御縁比べ その六
肉を刺した感触が、まだ手に残っている。
体が勝手に、とはこういう感覚のことをいうのだろう。意識ははっきりしていた。自分の行動も全て覚えている。やってはいけないことだとわかっていた。ただあの数十秒間の間、頭でも心でもないどこかに突き動かされるかのように立ち上がり、ご丁寧に靴まで履き、落ちていた小さなナイフを拾って袖に隠し、戦いで疲弊した彼に近づいて――。
涙が止まらない。
何が“自分に近づいた者は死ぬ”だ。
母も、父も、祖母も、孤児院の仲間達も、友達も、そして唯一全てを知った上で手を差し伸べてくれたクラスメイトさえも。
殺したのは紛れもない、自分ではないか。
離れようともせず、異変を訴えようともせず、抗おうともせず。
そんな自分を嫌悪し続けているのに、体がすくんで、肩に置かれた狐坊主の手を振り払うことも出来ない。
「これにて“御縁較べ”終了である。判定を下してもらおう」
自己嫌悪の連鎖に陥っている一葉を置いて、話は終結に向かおうとしていた。狐坊主は刀身についた血を振り払い、“御縁比べ”の終了を求めて常世に向き直った。
「首はちゃんと切り離した?」
まるでお遣いで買ってきたものを確認する母親のような気軽さで、常世は一切姿勢を変えることなく尋ねた。
「心臓はちゃんと貫いた? 両腕両脚切り離してだるまにした? 全身ミンチよりひどくしちゃうのがベストなんだけど」
「……何を言っている?」
唖然とする狐坊主の返答に、常世はやれやれと言わんばかりのため息をついた。
「君さ、あいつを化け物扱いしたんだよね。なのにとどめはまるで人間を殺すような温いやり方でいいんだ? 君たちみたいなのを相手にするような奴がそんな程度で死ぬと?
……そいつはね、僕の最高傑作なんだ。どんな相手にも対等以上に戦える玩具と経験を与え、いくつもの上質な修羅場をくぐらせてきた。あとはそうかな、協調性が欲しいかな。ああ、精神のリミットが近いのが非常に残念だ。まだまだ伸びる余地があるのに」
いつの間にか、狐坊主の手が一葉の肩から離れている。一葉でも感じる、自分のちっぽけな自己嫌悪など軽く押しつぶしてしまうぐらいの、圧倒的な息苦しさが拝殿を、この神社全体を包んでいるのだ。
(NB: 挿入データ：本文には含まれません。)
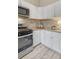 Well-lit kitchen boasts stainless steel appliances, sleek white cabinets, and stone countertops at 36700 Mossberg Ct, Elizabeth, CO 80107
「さて、以上の彼に対する僕の意見を聞いてもらった上で、その敵である君にこの言葉を贈ろう。
――狐さん、敵に背を向けるなんて、随分と余裕だね?」
一葉は襟を掴まれ、拝殿の中に投げ込まれる。一葉は悲鳴を上げる暇もなく、拝殿の床に体をぶつけた。強く打った膝の痛みを堪えながら自分がもといた場所を振り返ると、その視界の黒さに唖然とした。
台風を黒で着色すれば恐らくこうなるのだろう。凄まじい密度の衝撃が、黒の質量をもって絶え間なく拝殿に襲い掛かる。
ただ台風と明確に異なるのは、その黒が腕、爪、触手、一葉の語彙ではとても説明できないような形状の物など、その衝撃の一つ一つが何らかの形を持っているという点だ。無数のそれらが集って暴力を成し、見るもの全てを打ち壊さんと暴れているように見える。だが拝殿全体が四方を壁に囲まれているかのように、その威力が拝殿に届く様子はない。涼しい顔をしているところを見ると、恐らく常世が何かしているのだろう。
「分かれ道だよ、粋」
楽しそうに、とても楽しそうに、常世は言う。
「人のまま死ぬのか、それとも人ならざるものの道を拓くのか。僕としては後者がいいなぁ。もっと君の可能性を見せてよ」
そんな言葉を呟きながら、常世は仲間の窮地を笑って見ているのだった。